So was Bernard Madoff referring to Sterling Equities when he made his “willful blindness” statement? It says here that he wasn’t but maybe, at some point in the future, he will be put under oath (we’ll get to that later) and asked questions about hundreds of entities by name.


Another interesting question and, frankly (and unfortunately), a phrase coined by The Times (not by Madoff, at least for this part of the interview). The Times notes that Madoff “focused his comments laserlike on the big investors and giant institutions he dealt with … .” Madoff stated that many long-term clients made more in legitimate profits from him in the years before the fraud then they could have elsewhere. He wrote, in a January 13, 2011 e-mail, “I would have loved for them to not lose anything, but that was a risk they were well aware of by investing in the market.”

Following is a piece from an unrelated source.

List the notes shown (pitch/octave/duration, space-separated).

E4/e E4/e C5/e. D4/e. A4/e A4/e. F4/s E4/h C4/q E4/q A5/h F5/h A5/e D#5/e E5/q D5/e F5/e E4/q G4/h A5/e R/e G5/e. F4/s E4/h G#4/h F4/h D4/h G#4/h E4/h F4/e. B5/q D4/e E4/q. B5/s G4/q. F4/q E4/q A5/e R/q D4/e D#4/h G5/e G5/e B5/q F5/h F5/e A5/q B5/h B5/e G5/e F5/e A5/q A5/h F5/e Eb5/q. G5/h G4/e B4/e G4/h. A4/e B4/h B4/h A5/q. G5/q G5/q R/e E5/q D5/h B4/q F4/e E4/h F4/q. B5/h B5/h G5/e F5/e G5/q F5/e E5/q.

There’s an awful lot here. Does that mean that defendants like Wilpon/Katz, if this quote is to be believed, made legitimate profits before the Ponzi scheme started? If so, how can the Trustee possibly recover those profits (it says here that he can’t)? And, if true, at what point “should the Wilpon/Katz group (or any group in the same situation, for that matter) have known about the fraud?” In other words, was it legit one week and a Ponzi scheme the next? When did the change take place? To this writer, these statements would help those defendants (including Katz/Wilpon) who will vehemently argue that they never knew and never should have (or could have) known. Fascinating stuff.

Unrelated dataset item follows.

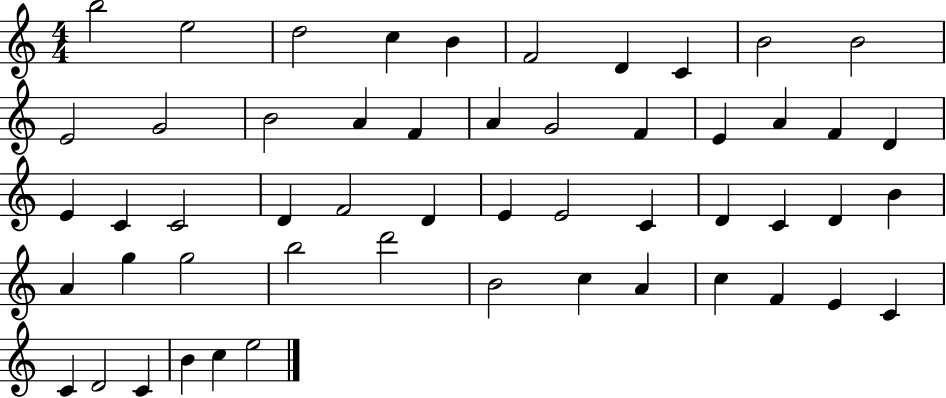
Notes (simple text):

B5/h E5/h D5/h C5/q B4/q F4/h D4/q C4/q B4/h B4/h E4/h G4/h B4/h A4/q F4/q A4/q G4/h F4/q E4/q A4/q F4/q D4/q E4/q C4/q C4/h D4/q F4/h D4/q E4/q E4/h C4/q D4/q C4/q D4/q B4/q A4/q G5/q G5/h B5/h D6/h B4/h C5/q A4/q C5/q F4/q E4/q C4/q C4/q D4/h C4/q B4/q C5/q E5/h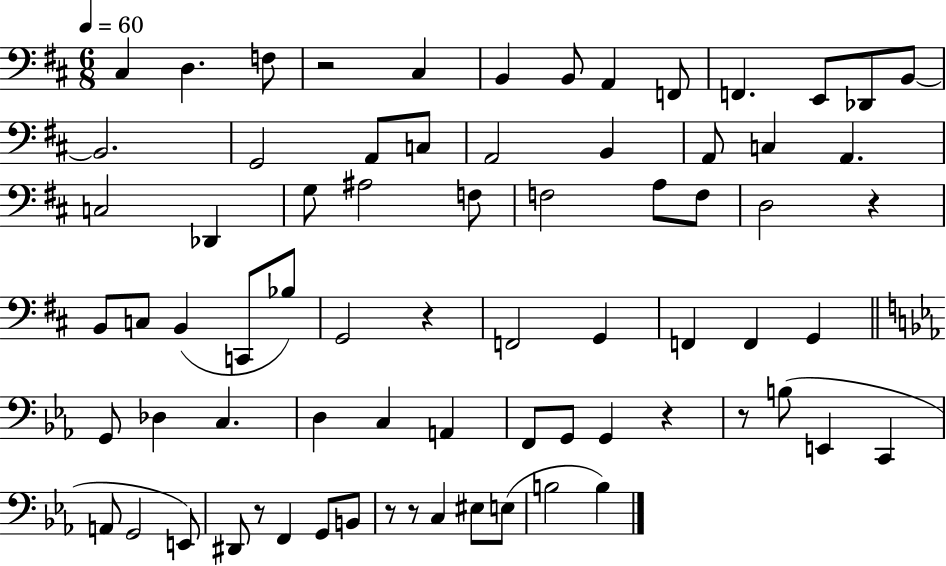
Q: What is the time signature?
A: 6/8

So, were Wilpon/Katz and their group big investors? It says here that they were. If the balance in their account was approximately $500,000,000 on the day this all blew up, and they had been investing for decades and had taken out some $300,000,000 in “fictitious profits” (and, by the way, it doesn’t seem that they knew, at the time, that these were fictitious profits), that means they invested and took out somewhere in the neighborhood of $800 million to $1 billion over the years.

To this writer, that would qualify them as big investors, despite the fact that there were a number of other investors who invested and took out many billions of dollars.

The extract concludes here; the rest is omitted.